REPUBLIKA.CO.ID, JAKARTA -- Direktur Eksekutif Center for Strategic on Islamic and International Studies (CSIIS), Sholeh Basyari, meminta Hakim Konstitusi Arsul Sani, tidak melakukan tindakan mempengaruhi Hakim Mahkamah Konstitusi (MK) yang akan mengadili gugatan Perselisihan Hasil Pemilihan Umum (PHPU) yang diajukan Partai Persatuan Pembangunan (PPP). Arsul diketahui sebelum menjadi Hakim MK merupakan politikus PPP.
“Memang Arsul Sani tidak akan ikut dalam sidah gugatan PPP karena memiliki relasi dengan penggugat. Tapi posisinya sebagai orang dalam tentu memiliki akses juga,” jata Sholeh, Senin (15/4/2024).

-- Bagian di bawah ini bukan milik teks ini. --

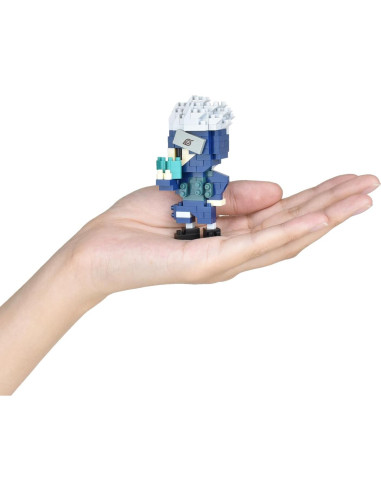 Nanoblock Kakashi Hatake Naruto Shippuden 180 Piezas 7.49cm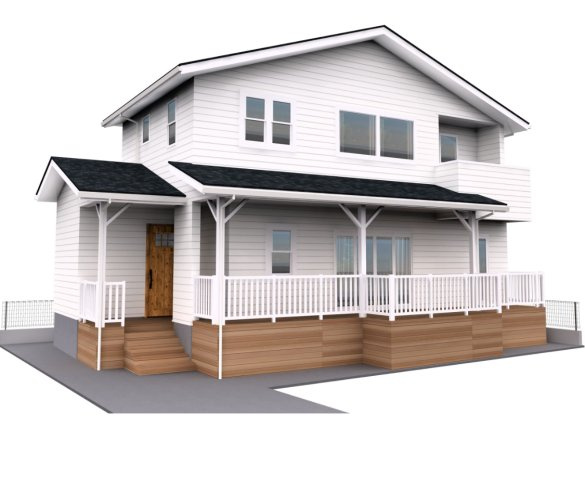 The California Styleのその他|青い空に映える白い外観は湘南らしいデザインです。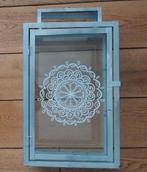 Glazen kastje/lantaaren., Huis en Inrichting, Woonaccessoires | Overige, Ophalen of Verzenden, Zo goed als nieuw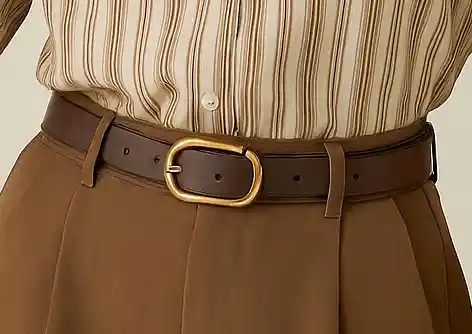 Cinturón Aura Dorada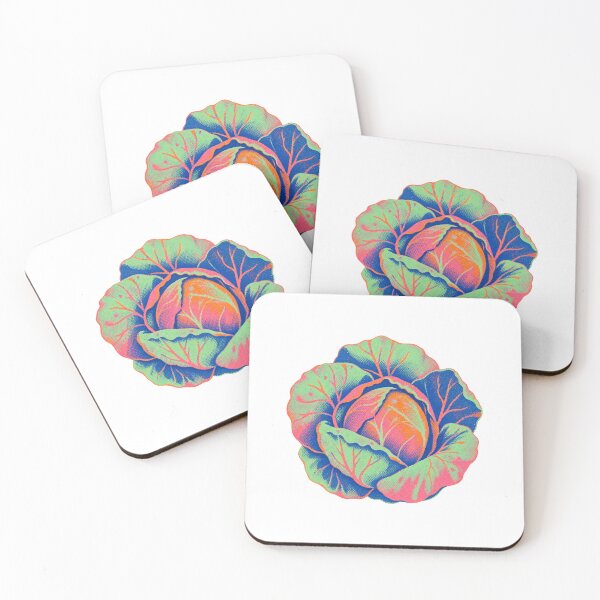 Item preview, Cabbage Crush Rosette designed and sold by The-Art-of-D.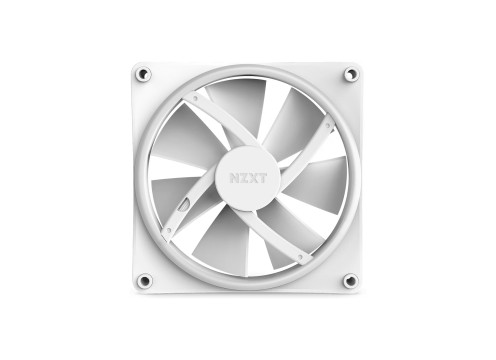 NZXT F140 RGB Duo 140mm Dual-Sided RGB Fan White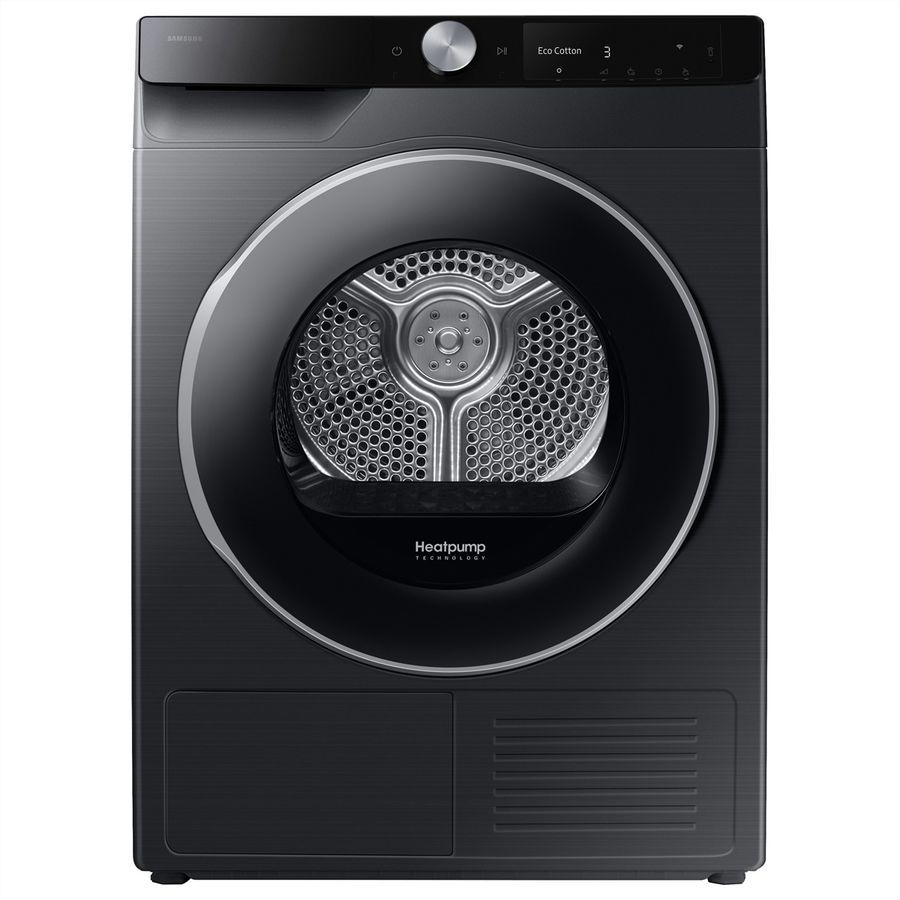 Samsung Sèche-linge DV6000, 9kg, A, AI Dry+, noir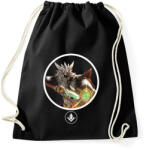 printfashion Predecessor - Zarus - Sportzsák, Tornazsák - Fekete (16129360)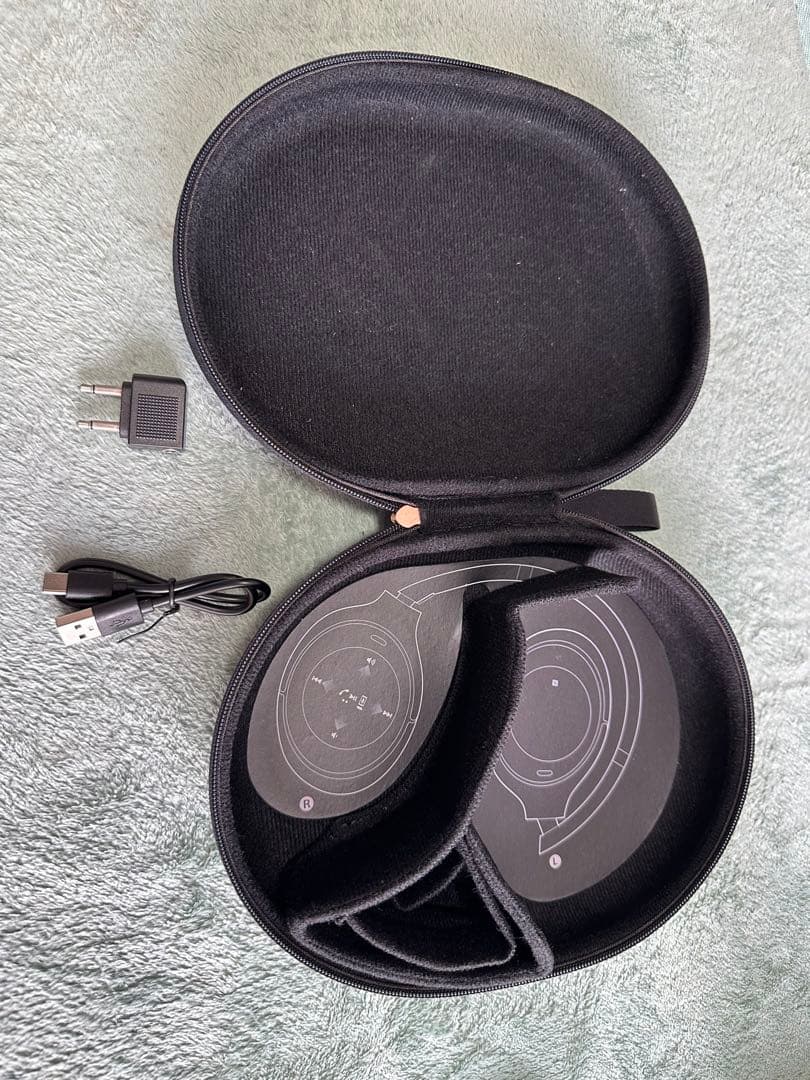 Sony WH-1000XM3 ブラック　オマケWF-1000XM3付き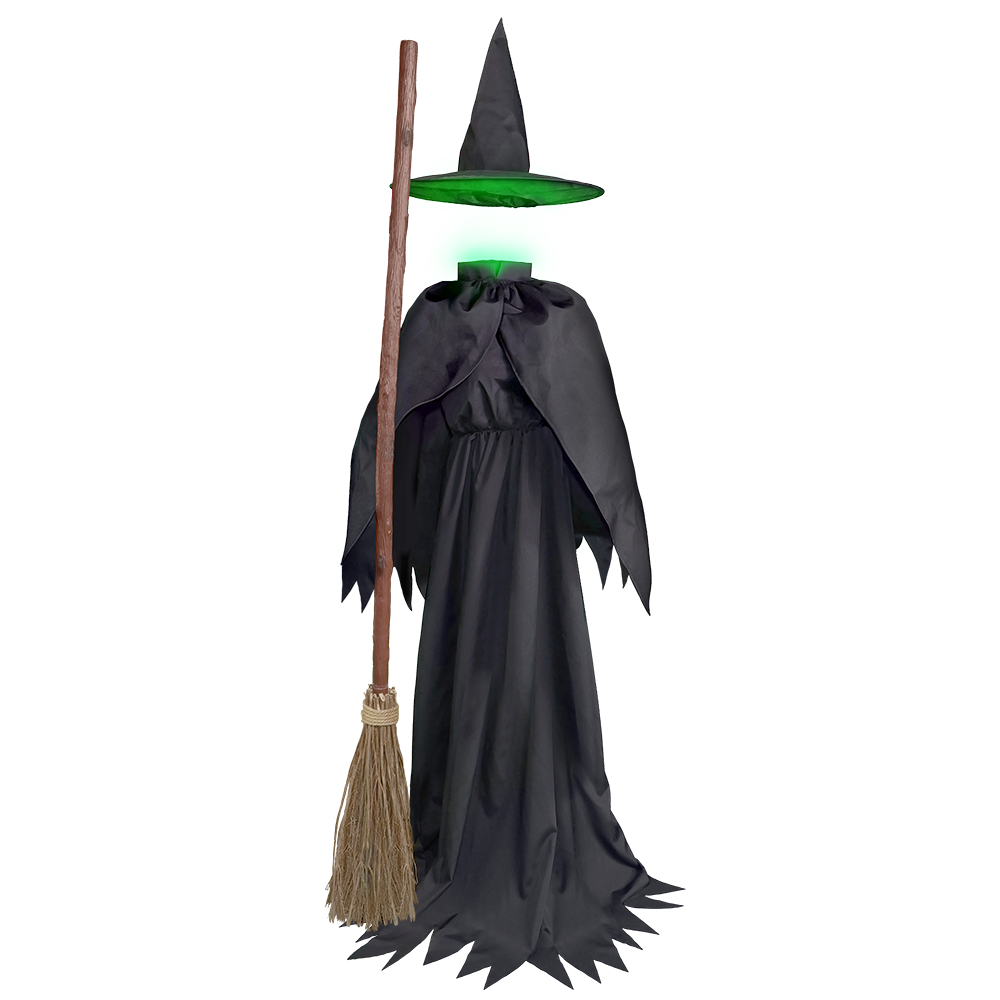Color-Changing Invisible Witch™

Selain itu, Sholeh juga menyarankan PPP tidak menggantungkan nasib mereka ke Arsul Sani. Sebagai partai yang turut membesarkan karir politik Sani. Hendaknya mendukung Arsul untuk menjaga integritas sebagai Hakim Konstitusi.
Menurut Sholeh, PPP sebaiknya fokus dan percaya diri supaya gugatan yang mereka ajukan masuk akal dan membuktikan ada kecurangan sehingga kans mereka mempertahankan kursi parlemen DPR RI terbuka.
“Saya meyakini para hakim MK termasuk pak Arsul Sani memiliki integritas. Jangan sampai PPP menggantungkan nasib dari pertolongan Arsul Sani,” ujar Sholeh.
PPP sendiri saat ini tengah berjuang mempertahankan kursinya di DPR untuk periode 2024-2029. Karena menurut rekapitulasi Komisi Pemilihan Umum (KPU), PPP tidak lolos lantaran gagal memenuhi ambang batas parlemen 4 persen.
PPP hanya mendapat 5.878.777 suara atau 3,87 persen. PPP masih berpeluang lolos ke Senayan seandainya gugatan Perselisihan Hasil Pemilihan Umum (PHPU) yang mereka ajukan ke Mahkamah Konstitusi (MK) dikabulkan.
Lalu salah satu hakim MK, Arsul Sani merupakan mantan politikus PPP. Arsul aktif menjadi politikus partai berlambang Ka’bah itu sejak 2013-2024. Ia duduk menjadi Anggota DPR RI sejak tahun 2014 sampai 2024. Sebelum bergabung ke PPP, Arsul juga diketahui menjadi kader Partai Keadilan Sejahtera (PKS) sejak 2008 sampai 2013.